I ask because I've had an idea for a campaign setting in the back of my mind for quite a while which is situated around the Mediterranean using the myths of the various locations to fill out the available races as well as throwing in a bunch of free license to set up some areas as unique. As an example:

Egypt
Rulers: Tiefling
Religion: Demon worshippers (Taken from R.E Howard's Stygia and expanded upon. Not sure if I want to use the Egyptian Pantheon as the Demons or have their worship underground), Bes (worshipped by the slaves and halflings as a protector deity)
Common Races: Tieflings, Humans (slaves building the tiefling monuments), Halflings (Taking the place of Kushites. Raids, and are raided by, Egypt)
 


Zardnaar

Legend
The FR is ok(ish) when you cut out a very small part of it and ignore the rest. But taken as a whole it is just a gigantic mess with its "everything even remotely related to fantasy gameplay must be in it" kitchen sink approach. The complete chaos of 4E and the hurried 5E retcons made things even worse. It simply does not feel like a coherent world because frankly it isn't.

Any particular resources you use or are you just going with your own knowledge of mythology and history?
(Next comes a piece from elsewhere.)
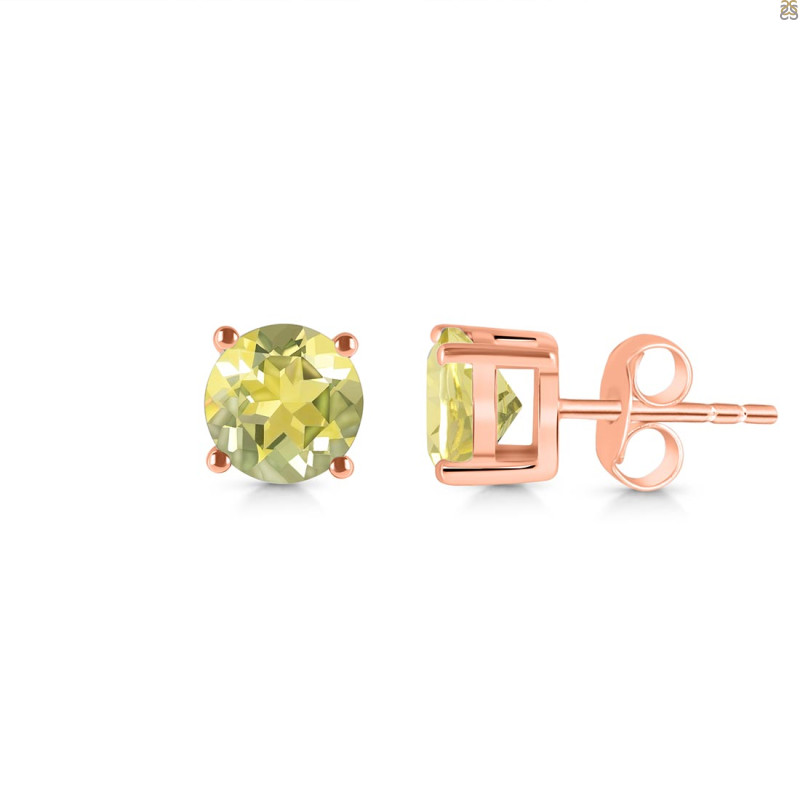 Lemon Quartz Stud Earring LEM-RDE-1353.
I ask because I've had an idea for a campaign setting in the back of my mind for quite a while which is situated around the Mediterranean using the myths of the various locations to fill out the available races as well as throwing in a bunch of free license to set up some areas as unique. As an example:

Egypt
Rulers: Tiefling
Religion: Demon worshippers (Taken from R.E Howard's Stygia and expanded upon. Not sure if I want to use the Egyptian Pantheon as the Demons or have their worship underground), Bes (worshipped by the slaves and halflings as a protector deity)
Common Races: Tieflings, Humans (slaves building the tiefling monuments), Halflings (Taking the place of Kushites. Raids, and are raided by, Egypt)
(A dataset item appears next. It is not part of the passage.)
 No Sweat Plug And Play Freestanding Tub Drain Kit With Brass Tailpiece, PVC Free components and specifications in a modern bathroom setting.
Mostly a mix up of Nithia/Osirion/ Mulhorand. Mining Mystara a lot atm because most players are not familiar with it so Nithia/Thyatis/Heldannic Knights are all new.
 

What's wrong with kitchen-sink settings? Especially when not everything exists in every location?
If the world is so large that none of that other stuff has any impact on the campaign at all, then the PCs feel small and unimportant. By the time I hit level 20 in a game, I expect to have seen just about everything worth seeing in the world.

If I can save the entire world without ever leaving my home region, then presumably someone in the next region can also save the entire world without anyone over here finding out about it. What, is the entire world just full of self-contained epic adventures where the local heroes always succeed at defeating the local world-ending threat? Because that's the feeling that I get out of the setting. Everyone is supposed to sound super awesome for the many impressive things that they do, but nobody is allowed to be impressive enough to actually affect anything.
 


Shiroiken

Legend
FR is the victim of its own success. I've heard good things about the original 1E Realms, but it was the first setting to advance its own timeline. This gave rise to various meta-plots, further impacted by the now hundreds of novels (all canon). Given all of this, PCs really are small fish in a big pond. It's worse when the DM or one player is really into the setting, bringing overpowered NPCs to light, which can easily overshadow the PCs. Add the fact that Kara-Tur and Al-Qadim (established campaign settings with their own fans) were folded into the Realms because it was popular leads many with a bad taste in their mouth. Finally, of course, there are people who like to hate what others love.

FR isn't a bad setting, but it requires a good DM who loves the setting for it to work well. Even then, just like with every setting, it's not going to appeal to everyone.